◆ **What you need to do**: A single figure is wanted: the count of lines below containing the string "Case".

Short text fragments from websites
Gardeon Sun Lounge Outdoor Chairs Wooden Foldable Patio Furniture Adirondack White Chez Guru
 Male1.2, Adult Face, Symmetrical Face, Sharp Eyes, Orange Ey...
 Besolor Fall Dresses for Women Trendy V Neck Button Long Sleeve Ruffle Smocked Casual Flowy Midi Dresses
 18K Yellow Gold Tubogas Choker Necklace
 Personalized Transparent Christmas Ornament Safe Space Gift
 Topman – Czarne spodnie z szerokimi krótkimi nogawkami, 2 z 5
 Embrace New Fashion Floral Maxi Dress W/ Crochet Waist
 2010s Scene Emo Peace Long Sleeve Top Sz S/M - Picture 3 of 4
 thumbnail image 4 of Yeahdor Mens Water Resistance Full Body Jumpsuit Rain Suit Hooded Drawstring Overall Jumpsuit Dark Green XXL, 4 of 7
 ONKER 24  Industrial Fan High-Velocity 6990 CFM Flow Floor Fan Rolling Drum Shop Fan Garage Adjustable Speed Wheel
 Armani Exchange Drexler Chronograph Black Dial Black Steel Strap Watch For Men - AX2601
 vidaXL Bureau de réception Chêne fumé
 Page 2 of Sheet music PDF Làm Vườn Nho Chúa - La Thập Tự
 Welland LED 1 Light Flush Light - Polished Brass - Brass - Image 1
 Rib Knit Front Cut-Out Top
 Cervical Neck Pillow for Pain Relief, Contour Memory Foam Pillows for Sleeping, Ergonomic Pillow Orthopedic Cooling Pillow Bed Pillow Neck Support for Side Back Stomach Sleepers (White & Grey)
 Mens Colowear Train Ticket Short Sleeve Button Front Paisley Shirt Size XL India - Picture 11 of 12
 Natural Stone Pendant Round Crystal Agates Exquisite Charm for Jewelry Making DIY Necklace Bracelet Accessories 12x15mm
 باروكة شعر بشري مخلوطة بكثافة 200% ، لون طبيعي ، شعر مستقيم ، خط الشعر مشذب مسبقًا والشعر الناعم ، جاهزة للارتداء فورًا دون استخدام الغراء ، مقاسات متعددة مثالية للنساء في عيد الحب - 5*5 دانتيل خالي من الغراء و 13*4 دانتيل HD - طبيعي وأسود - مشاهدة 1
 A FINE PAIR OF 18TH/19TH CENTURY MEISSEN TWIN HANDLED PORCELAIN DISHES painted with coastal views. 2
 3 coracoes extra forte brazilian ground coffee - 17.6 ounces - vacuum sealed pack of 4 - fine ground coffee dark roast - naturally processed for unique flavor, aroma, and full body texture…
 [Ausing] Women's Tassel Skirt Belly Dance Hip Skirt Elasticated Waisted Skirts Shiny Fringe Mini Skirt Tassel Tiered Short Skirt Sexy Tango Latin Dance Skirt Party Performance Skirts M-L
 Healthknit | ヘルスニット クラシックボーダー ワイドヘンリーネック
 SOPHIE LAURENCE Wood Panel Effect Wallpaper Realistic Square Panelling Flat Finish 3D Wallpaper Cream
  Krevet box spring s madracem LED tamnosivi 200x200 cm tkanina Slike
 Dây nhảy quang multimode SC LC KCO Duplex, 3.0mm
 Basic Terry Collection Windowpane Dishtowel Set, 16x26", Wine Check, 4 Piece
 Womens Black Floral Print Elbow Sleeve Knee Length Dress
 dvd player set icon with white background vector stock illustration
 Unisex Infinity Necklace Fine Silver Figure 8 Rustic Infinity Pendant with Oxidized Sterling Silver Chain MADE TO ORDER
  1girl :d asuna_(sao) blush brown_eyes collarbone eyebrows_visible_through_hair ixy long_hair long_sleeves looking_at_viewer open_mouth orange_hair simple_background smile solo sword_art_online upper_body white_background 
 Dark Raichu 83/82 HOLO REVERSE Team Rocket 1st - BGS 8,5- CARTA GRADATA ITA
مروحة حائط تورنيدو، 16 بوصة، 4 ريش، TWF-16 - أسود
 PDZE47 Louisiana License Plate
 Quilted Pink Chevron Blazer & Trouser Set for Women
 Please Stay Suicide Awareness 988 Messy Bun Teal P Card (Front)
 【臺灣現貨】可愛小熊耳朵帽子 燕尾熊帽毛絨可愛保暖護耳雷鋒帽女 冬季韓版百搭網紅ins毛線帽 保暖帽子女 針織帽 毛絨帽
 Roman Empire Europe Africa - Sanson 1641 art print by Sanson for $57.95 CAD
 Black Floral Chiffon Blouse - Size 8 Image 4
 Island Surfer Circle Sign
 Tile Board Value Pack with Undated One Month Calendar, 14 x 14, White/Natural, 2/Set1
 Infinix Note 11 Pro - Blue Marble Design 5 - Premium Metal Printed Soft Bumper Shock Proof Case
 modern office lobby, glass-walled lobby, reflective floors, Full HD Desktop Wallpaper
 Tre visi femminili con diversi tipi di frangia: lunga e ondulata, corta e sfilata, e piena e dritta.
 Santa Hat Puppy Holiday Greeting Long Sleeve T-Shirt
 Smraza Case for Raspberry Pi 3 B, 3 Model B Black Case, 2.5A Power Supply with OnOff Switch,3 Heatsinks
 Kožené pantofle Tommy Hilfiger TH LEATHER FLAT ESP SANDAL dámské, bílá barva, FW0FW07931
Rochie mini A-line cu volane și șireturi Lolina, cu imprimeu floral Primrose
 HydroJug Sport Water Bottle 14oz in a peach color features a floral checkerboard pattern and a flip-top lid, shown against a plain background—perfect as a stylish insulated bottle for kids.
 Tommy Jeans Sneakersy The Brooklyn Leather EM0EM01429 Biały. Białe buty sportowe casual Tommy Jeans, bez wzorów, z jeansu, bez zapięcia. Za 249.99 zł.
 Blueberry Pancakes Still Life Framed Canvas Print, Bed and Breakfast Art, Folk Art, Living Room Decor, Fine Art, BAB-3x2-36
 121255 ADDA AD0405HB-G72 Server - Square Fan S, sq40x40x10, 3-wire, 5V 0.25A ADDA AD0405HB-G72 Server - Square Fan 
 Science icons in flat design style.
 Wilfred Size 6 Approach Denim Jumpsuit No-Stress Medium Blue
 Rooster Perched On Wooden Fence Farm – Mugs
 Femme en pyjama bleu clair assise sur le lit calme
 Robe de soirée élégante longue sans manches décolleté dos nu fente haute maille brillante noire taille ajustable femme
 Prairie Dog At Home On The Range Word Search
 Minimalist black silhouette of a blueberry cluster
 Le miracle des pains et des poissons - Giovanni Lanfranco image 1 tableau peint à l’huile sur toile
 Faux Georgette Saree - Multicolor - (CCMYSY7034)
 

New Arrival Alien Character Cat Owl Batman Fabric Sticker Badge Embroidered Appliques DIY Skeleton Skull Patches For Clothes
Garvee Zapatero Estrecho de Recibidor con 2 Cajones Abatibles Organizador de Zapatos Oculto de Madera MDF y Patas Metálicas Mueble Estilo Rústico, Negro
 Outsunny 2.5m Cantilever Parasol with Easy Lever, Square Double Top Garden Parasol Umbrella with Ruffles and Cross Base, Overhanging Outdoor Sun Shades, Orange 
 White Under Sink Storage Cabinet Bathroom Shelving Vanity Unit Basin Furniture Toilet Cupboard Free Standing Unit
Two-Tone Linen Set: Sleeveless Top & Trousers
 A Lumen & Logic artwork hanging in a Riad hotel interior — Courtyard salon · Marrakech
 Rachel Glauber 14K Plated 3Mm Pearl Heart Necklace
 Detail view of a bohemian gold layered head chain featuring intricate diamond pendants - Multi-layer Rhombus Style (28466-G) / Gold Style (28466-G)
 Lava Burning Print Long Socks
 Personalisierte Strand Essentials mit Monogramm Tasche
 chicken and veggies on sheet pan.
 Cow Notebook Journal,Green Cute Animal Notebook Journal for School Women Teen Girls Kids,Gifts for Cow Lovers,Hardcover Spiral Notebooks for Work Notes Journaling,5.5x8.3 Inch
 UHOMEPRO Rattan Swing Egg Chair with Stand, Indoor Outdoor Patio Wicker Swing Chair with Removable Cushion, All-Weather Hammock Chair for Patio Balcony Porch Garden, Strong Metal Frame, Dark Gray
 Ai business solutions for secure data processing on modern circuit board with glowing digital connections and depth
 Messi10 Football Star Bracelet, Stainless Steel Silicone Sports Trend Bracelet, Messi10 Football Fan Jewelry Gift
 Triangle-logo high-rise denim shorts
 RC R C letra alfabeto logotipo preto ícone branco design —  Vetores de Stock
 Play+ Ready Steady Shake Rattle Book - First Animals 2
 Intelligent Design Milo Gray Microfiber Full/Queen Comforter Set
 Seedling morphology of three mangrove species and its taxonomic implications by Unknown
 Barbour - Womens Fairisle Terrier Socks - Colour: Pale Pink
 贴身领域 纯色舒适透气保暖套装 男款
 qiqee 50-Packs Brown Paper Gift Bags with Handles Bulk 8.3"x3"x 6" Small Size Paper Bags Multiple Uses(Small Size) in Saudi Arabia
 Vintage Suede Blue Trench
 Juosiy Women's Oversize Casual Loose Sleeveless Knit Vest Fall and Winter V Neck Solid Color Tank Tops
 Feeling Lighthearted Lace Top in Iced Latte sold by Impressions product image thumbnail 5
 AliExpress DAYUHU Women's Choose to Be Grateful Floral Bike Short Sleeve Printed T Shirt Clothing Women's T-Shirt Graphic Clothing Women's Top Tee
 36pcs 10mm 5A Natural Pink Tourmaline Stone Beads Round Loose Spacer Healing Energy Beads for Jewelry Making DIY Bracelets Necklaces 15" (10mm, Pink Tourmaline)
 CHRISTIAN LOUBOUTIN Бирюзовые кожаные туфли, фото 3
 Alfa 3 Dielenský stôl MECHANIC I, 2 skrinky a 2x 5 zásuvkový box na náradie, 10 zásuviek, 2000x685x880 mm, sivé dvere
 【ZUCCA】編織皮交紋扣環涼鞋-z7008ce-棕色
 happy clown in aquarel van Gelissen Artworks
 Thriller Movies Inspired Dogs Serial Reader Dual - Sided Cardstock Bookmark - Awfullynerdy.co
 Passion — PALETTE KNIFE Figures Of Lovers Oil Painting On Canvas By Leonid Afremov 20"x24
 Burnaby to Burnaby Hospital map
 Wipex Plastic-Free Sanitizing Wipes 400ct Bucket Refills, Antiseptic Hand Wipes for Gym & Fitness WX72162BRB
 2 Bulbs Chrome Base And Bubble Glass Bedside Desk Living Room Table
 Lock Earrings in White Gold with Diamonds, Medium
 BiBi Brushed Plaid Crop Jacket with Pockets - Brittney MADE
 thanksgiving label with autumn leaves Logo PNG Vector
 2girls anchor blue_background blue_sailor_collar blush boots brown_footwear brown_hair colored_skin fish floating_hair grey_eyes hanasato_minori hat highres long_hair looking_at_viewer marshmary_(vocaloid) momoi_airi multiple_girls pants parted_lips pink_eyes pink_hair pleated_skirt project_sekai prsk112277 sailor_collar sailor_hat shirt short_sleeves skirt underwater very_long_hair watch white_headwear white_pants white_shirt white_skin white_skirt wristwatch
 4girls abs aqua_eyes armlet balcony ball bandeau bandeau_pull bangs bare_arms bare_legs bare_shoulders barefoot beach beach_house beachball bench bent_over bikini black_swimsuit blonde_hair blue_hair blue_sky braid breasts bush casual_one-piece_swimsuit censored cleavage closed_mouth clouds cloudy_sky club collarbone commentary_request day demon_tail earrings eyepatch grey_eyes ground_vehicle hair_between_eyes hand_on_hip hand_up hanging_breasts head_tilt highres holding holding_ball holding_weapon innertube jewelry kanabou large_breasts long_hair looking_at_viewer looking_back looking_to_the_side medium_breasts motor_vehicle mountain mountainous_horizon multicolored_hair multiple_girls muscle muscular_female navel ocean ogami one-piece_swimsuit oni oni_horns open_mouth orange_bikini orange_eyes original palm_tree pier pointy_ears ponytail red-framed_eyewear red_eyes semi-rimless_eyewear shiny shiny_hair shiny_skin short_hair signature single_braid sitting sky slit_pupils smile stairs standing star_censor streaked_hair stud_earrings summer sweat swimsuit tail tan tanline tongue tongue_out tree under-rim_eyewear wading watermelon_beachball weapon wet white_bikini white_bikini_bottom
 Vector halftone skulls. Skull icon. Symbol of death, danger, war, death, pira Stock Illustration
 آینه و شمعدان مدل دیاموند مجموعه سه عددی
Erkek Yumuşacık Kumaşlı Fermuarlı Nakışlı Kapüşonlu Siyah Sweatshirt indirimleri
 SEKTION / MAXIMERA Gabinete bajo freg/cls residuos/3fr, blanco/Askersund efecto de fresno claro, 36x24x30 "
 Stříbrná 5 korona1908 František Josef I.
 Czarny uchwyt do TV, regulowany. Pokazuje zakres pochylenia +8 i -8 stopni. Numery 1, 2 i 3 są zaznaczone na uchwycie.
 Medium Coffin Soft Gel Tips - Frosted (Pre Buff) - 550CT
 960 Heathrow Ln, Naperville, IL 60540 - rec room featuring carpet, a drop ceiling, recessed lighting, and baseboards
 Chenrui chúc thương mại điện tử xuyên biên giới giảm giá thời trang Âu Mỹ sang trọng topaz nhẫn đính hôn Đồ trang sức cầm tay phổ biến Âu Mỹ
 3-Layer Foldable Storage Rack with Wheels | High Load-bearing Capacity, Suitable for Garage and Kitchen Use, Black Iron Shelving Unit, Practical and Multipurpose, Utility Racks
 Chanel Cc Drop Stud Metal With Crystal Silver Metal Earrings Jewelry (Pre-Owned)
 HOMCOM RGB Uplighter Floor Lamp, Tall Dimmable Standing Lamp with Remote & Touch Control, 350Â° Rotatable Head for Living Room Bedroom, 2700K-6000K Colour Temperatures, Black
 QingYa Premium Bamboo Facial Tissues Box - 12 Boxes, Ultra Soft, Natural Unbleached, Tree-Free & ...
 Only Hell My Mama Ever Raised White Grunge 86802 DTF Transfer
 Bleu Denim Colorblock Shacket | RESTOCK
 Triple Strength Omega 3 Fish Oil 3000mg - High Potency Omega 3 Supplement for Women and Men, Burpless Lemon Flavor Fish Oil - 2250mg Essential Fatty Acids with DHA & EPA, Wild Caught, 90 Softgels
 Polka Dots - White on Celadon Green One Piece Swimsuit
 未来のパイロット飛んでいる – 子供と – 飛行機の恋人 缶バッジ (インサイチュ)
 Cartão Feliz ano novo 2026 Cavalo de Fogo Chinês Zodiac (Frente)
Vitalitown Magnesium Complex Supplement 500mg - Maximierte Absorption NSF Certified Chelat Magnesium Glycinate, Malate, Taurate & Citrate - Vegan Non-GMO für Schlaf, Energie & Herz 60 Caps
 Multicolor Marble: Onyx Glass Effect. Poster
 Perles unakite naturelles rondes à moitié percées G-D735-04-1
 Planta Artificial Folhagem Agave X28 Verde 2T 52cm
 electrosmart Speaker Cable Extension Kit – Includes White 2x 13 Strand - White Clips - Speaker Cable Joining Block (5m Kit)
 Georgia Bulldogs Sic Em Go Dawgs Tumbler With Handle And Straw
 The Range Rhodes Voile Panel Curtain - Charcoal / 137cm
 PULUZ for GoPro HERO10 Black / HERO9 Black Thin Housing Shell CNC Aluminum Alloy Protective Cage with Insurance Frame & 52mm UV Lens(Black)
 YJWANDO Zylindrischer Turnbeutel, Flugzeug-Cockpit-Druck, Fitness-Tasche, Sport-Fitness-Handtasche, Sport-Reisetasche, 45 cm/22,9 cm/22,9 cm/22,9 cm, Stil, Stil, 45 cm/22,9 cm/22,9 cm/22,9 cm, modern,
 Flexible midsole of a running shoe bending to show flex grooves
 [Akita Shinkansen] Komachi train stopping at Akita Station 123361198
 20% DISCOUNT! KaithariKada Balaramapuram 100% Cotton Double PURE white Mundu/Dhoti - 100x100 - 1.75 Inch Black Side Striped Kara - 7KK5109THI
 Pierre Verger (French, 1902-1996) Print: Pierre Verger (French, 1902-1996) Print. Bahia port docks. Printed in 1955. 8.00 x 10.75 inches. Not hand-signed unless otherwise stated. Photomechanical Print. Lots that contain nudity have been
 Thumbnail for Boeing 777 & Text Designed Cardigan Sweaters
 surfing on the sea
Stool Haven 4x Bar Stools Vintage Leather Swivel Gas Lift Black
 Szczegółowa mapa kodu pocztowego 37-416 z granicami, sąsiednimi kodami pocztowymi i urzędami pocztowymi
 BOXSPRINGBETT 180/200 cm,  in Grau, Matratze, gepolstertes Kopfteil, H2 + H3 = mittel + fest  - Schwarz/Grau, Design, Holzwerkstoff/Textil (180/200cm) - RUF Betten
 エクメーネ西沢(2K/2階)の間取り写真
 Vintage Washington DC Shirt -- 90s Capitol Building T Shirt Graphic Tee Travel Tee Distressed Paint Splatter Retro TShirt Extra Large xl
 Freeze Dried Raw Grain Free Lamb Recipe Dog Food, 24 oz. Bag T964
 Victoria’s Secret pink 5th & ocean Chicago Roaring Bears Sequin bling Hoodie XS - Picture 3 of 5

◆ **Solution to this exercise**: 2